REPORTAGE – Épisode 4 – Dans les quartiers sensibles où l’ascenseur social semble s'être enrayé, le trafic de drogue est perçu par certains jeunes comme une alternative très lucrative. Bien que peu nombreux, ces trafiquants imposent leurs règles aux habitants qui paient le prix de leur emprise sur le quartier. Aucune échappatoire ? Confidences de riverains, d'acteurs socio-culturels et sportifs de Mistral.
Difficile d'imaginer en voyant la cité si calme, les rues vides, que d'un peu partout des yeux nous surveillent. De retour à Mistral pour prendre quelques photos complémentaires des barres et des tours, on est vite repéré. Trois jeunes hommes traversent la rue d'un pas vif. « Vous effacez tout ça ! » On m'autorise finalement quelques clichés des immeubles. « Mais vous ne photographiez personne ! » D'accord.
Formulée un peu plus loin par un autre homme d'une vingtaine d'années, cette fois-ci l'interdiction est catégorique. Les habitants semblent, eux aussi, surveillés à Mistral. « C'est un peu vrai mais bon, un peu ! » mesure Karim Kadri, président du Collectif des habitants de Mistral (Cohamis). Ils seraient donc relativement libres. Vraiment ?
Peur de parler
Beaucoup d'incivilités ont lieu dans la cité. Les riverains s'en plaignent et cela ne date pas d'hier : chiens qui font leurs besoins dans les ascenseurs, parties communes des immeubles rapidement salies, portes d'entrée abîmées, papiers jetés par les fenêtres, rodéos de scooters le soir, voitures brûlées parfois… « Mais même les gens qui en ont gros sur le cœur et qui veulent parler ont peur de s'exprimer, des fois », nous confie un habitant.
« Ce sont surtout les nouveaux arrivants qui ont le plus peur ou certains anciens qui n'ont jamais tellement fréquenté le quartier et sortent juste de chez eux pour aller au travail », précise une jeune femme en compagnie de deux autres habitantes, tout près de la pharmacie Mistral.
Les anciens qui vivent dans la cité parfois depuis plus de trente ans, continuent pour certains, d'aller au contact. Et n'ont aucune envie de condamner les jeunes : « Ce sont nos enfants quand même ! » rappellent-ils.

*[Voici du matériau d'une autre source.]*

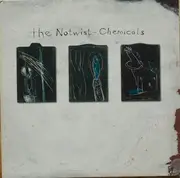 12inch Vinyl Single - The Notwist - Chemicals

Mais, quand les jeunes bloquent par exemple des voitures sur le parking pour discuter, ils ne veulent pas se laisser faire : « Les gens ne disent souvent rien mais nous, il arrive qu'on sorte et qu'on leur dise qu'on doit passer, que l'on veut passer parce qu'on est pressé. “Ah ! Monsieur, attendez, on discute…”. Alors nous on leur dit “Non, on veut passer. Voilà !” ».
Quant à Karim Kadri, il se souvient du jour où il a retrouvé sa voiture abimée par des jets de pierres : « Moi non plus j'ai pas fermé ma gueule. Je suis allé les voir et leur ai demandé pourquoi ils avaient fait ça. En fait, je me suis rendu compte qu'ils s'étaient trompés de voiture. Quelques jours plus tard, j'ai trouvé plus de cent euros dans ma boîte aux lettres.»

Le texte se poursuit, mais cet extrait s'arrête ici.